Compound | Tumor Type /Cell Line | ER Stress Signalling | Reference |
---|---|---|---|
α-Mangosteen | Pheochromocytoma PC12 |
↓ Ca2+ ATPase activity; ↑ JNK | [100] |
Mangosteen fruit extract | Human prostate cancer LNCaP; 22RV1 |
↑ BiP; PERK; IRE1α calnexin CHOP; caspase-4 |
[102] |
Garcinone-E | Human ovarian cancer HEY; A2780 |
↑ BiP; IRE1α; XBP1; CHOP; caspase-12 | [103] |
Gartanin | Human prostate cancer LNCaP; 22RV1 |
↑ CHOP | [105] |
Garcinol | Human hepatocellular carcinoma Hep3B | ↑ CHOP | [106] |
Gambogic acid | Human cervical carcinoma HeLa |
↑ BiP; XBP1s; CHOP; GADD34; JNK | [109] |
↑-increasing concentration; ↓-decreasing concentration.
4.6. Role of ER Stress in Other Natural Compound-Induced Apoptosis in Cancer
Recent papers published in 2018 highlighted the relevance of ER stress in the pro-apoptotic cell death pathway induced by different plan-derived natural compounds in various human cancers.
In human breast cancer cell lines, MCF-7 and MDA-MB 231, pimpinelol, a linear sequiterpene lactone from Pimpinella haussknechtii, has been shown to induce apoptosis by increasing protein aggregation and ER stress, as demonstrated by fluorescence microscopy analysis and by mRNA expression of ATF4, CHOP, GADD34, and tribbles-related protein 3 (TRIB3) [110].

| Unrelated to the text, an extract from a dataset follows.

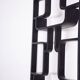 Mid-Century Room Divider Wall Unit by Ludvik Volak for Drevopodnik Holesov, 1960s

Pristimerin is a naturally occurring triterpenoid displaying anti-proliferative effects in different cancer cells [111]. In order to define the mechanisms of action correlated to its antitumor activity, Cevatemre et al. observed an extensive cytoplasmic vacuolation, ER stress induction, and block of autophagic flux in MCF-7 breast cancer cells treated with pristimerin, providing new insights into the mechanisms underlying the activity of pristimerin in breast cancer care [111].
Cnidium officinale Makino (COM) has been used as a traditional medicine for thousands of years in Korea, China, and Japan for resolving blood stasis, contusions, and infertility. More recently, COM has been shown to exert antitumor activity in liver, colorectal, and oral cancer. Using Western blot analysis, it has been demonstrated that ER stress-related proteins, such as p-PERK, p-eIF-2α, and ATF4, were modified in apoptotic cancer cells treated with COM. This suggests that ER stress-related proteins play a role in COM-induced cell death. [56].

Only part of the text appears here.